▽
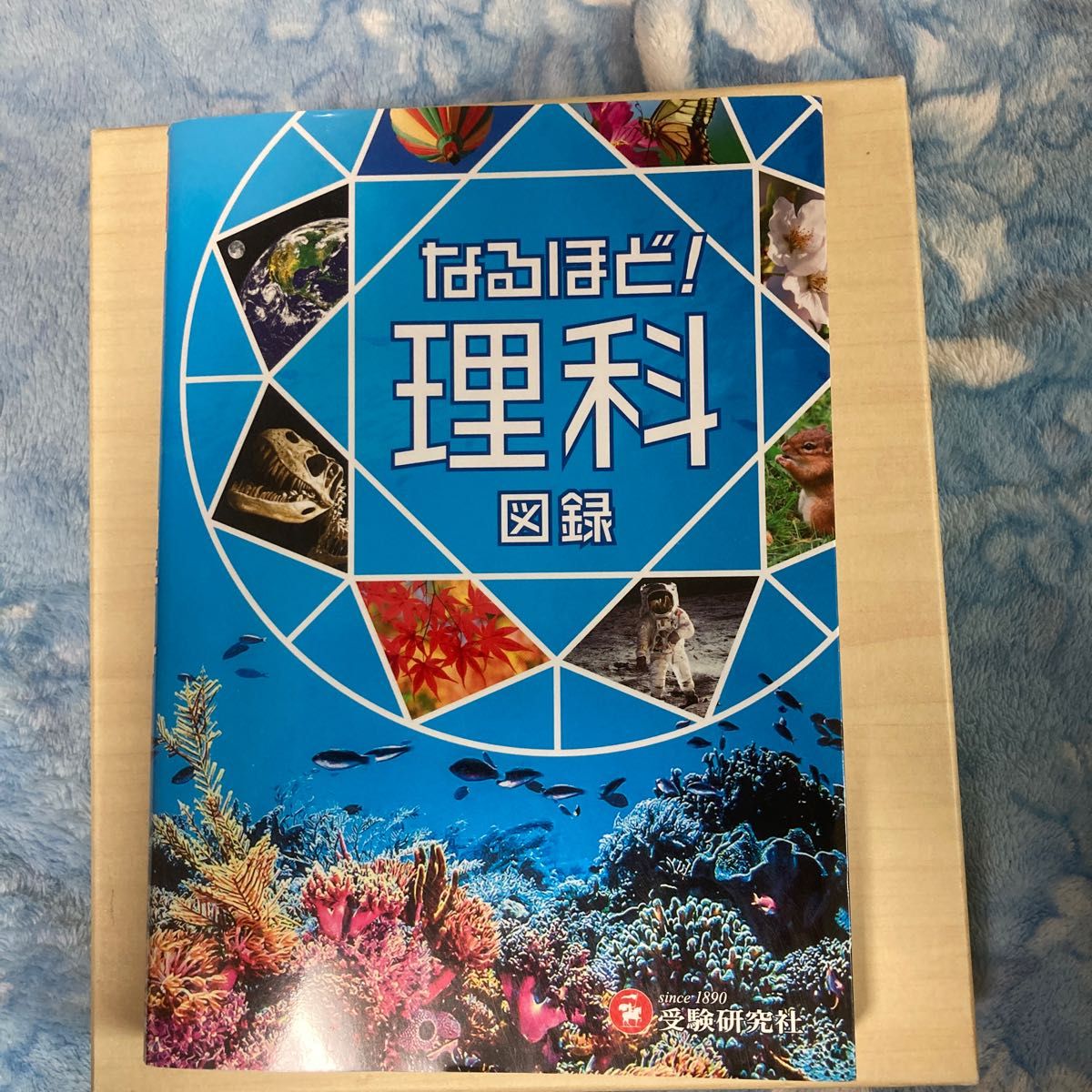 なるほど!理科図録 (自由自在Visual) ワオ・コーポレーション教育総合研究所理科チーム/編著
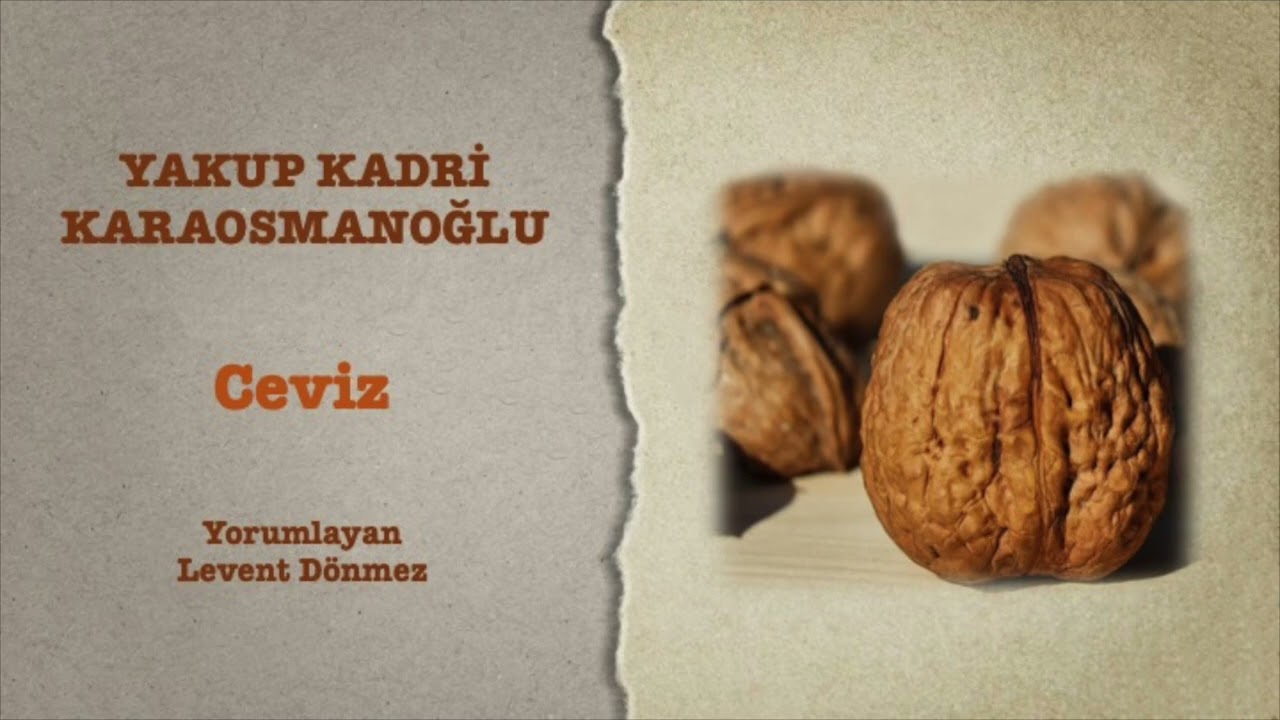 Yakup Kadri Karaosmanoğlu - Ceviz
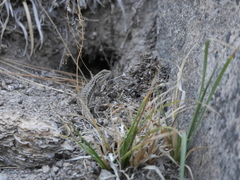Sceloporus graciosus gracilis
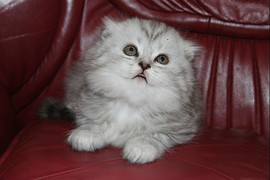 Хайленд-фолд, длинношерстный котик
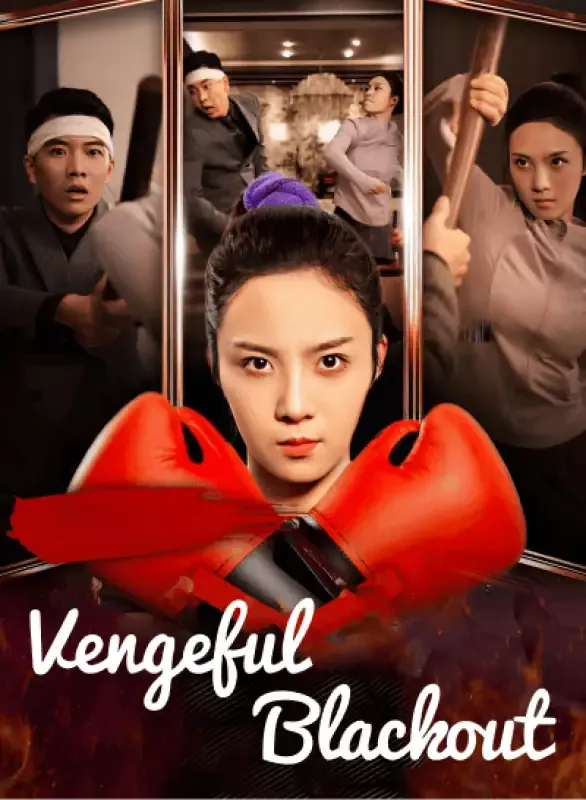 Vengeful Blackout cover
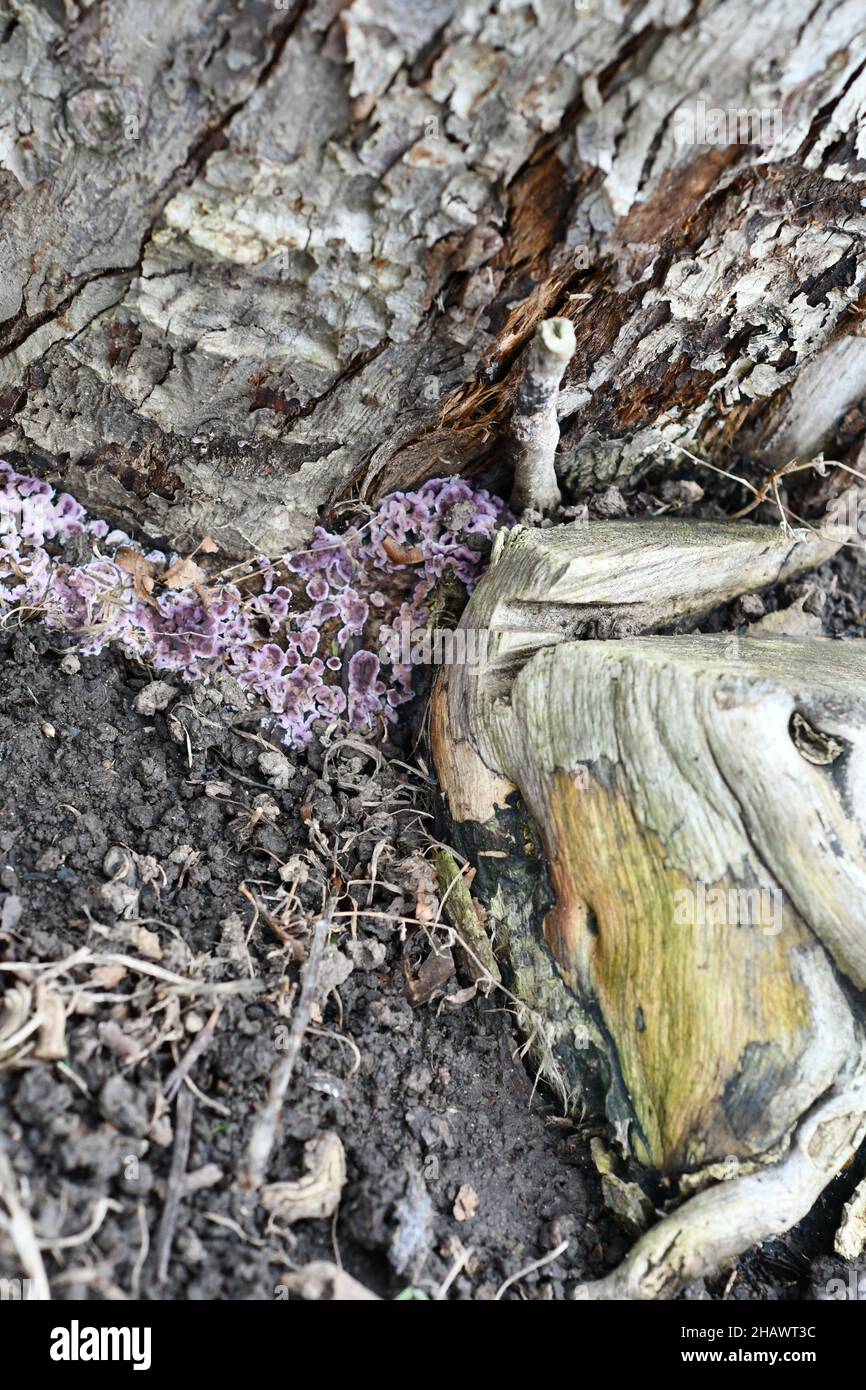 Tricaptum biforme, Poliporo a denti violetti, fungo sul fondo di un vecchio melo morto Foto Stock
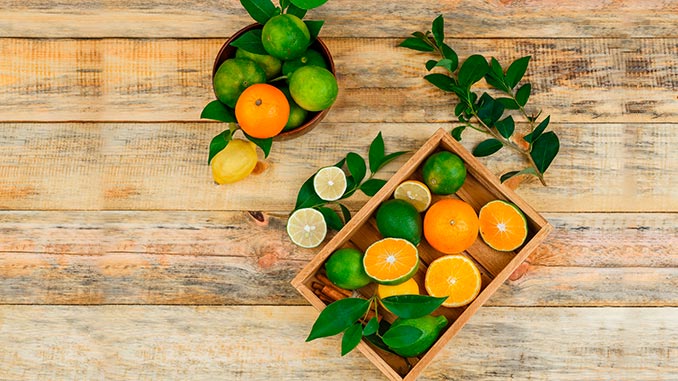 ციტრუსი, მოსავალი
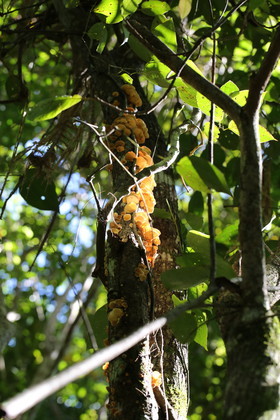 L'Australie à Cow Bay et Cape Tribulation en 2017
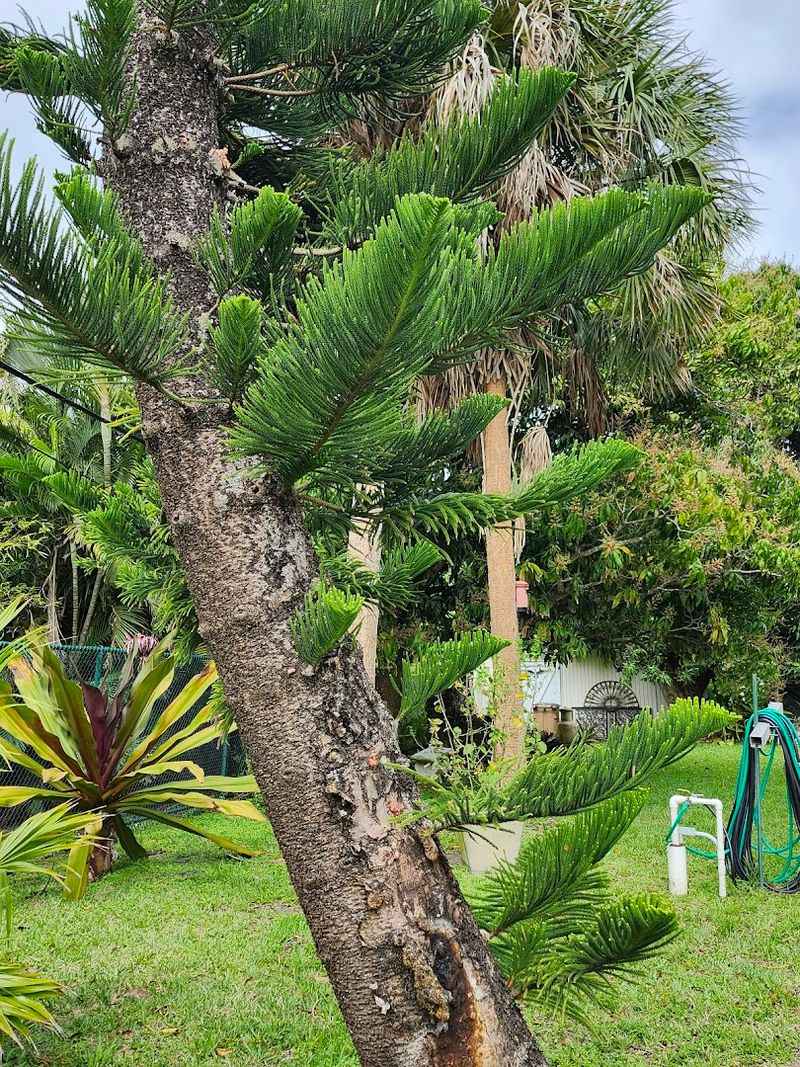 The Gift Shop and Plant Nursery
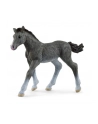 Schleich 13944 Źrebię rasy trakeńskiej. Horse Club - nr 2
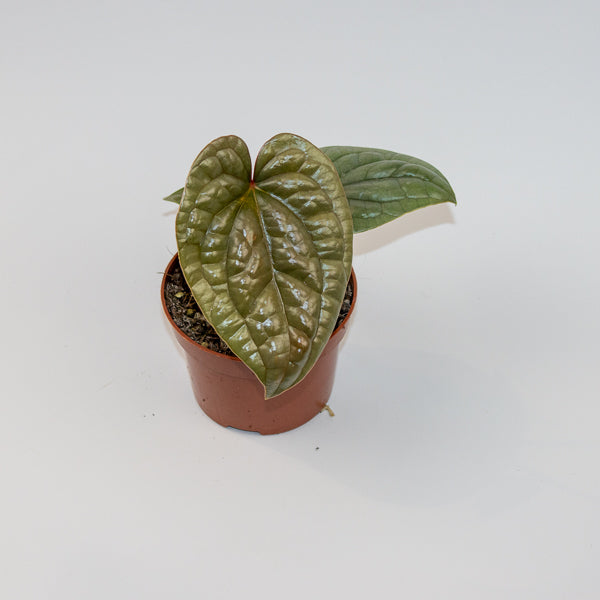 Anthurium luxurians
△
Beginning with the line where "Tricaptum biforme, Poliporo" appears, reproduce every remaining line of the listing above, the last one included, but none of the pictures.

 Tricaptum biforme, Poliporo a denti violetti, fungo sul fondo di un vecchio melo morto Foto Stock
 ციტრუსი, მოსავალი
 L'Australie à Cow Bay et Cape Tribulation en 2017
 The Gift Shop and Plant Nursery
 Schleich 13944 Źrebię rasy trakeńskiej. Horse Club - nr 2
 Anthurium luxurians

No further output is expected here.